The P/E ratio tends to capture the agony and ecstasy of the market. When the market is in the bear phase and investors are despondent about the future, P/E ratios of companies and indices will contract. Exactly the opposite happens during a bull phase.

Ben Graham used the P/E ratio to determine a “moderate upper limit to stay within the bounds of conservative valuation.” On the other hand, William O’Neill, the father of CANSLIM, said “Contrary to most investors’ beliefs, P/E ratios were not a relevant factor in price movement.”

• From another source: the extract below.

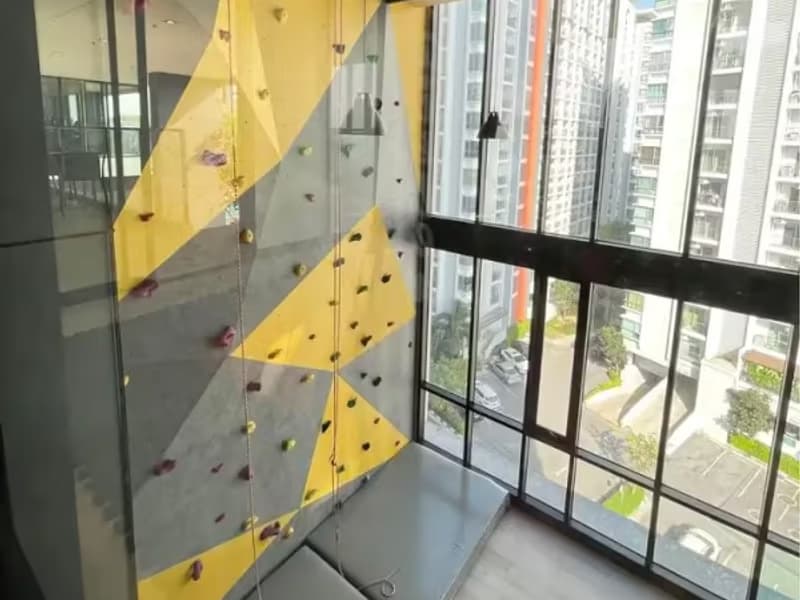 1 Bedroom Condo
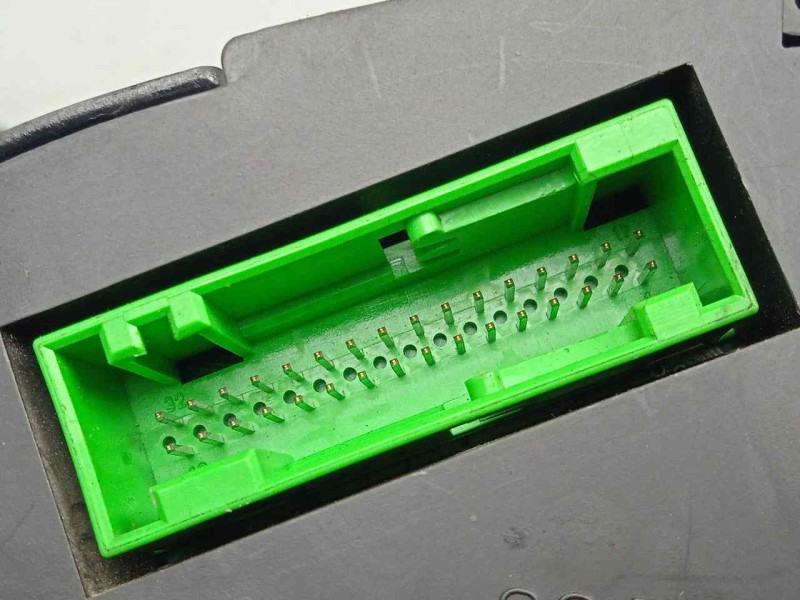 Recambio de cuadro instrumentos para seat leon (1m1) 1.9 tdi referencia OEM IAM 110080012004-1M0920800C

In his detailed study of stocks between 1953 and 1988, O'Neill found that the average P/E before a stock made a major bull move was 20 as opposed to the average Dow P/E of 15. Even in the Indian market, anecdotal evidence supports the fact that there are some perpetually high P/E stocks like Asian Paints, Berger, Nestle, Page Industries, Symphony, Pidilite, D’Mart (Avenue Supermarts) and Titan.

PI ratio (P/E to Index)
Divide a company’s P/E with that of the index (Nifty) to calculate the PI (PE to index) ratio. For example, say Asian Paints has a P/E ratio of about 125 while Nifty P/E is about 37. That is, a ratio of 125/37 = 3.3 times.

In January 2006, the same ratio was 28/17 = 1.6. In January 2015, it was 60/21 = 3. If you do this exercise, you will find that Asian Paints usually trades between 1.5 – 3.5 times of PI (PE to Index) ratio. You can do a similar exercise for the stocks you are interested in and find the range.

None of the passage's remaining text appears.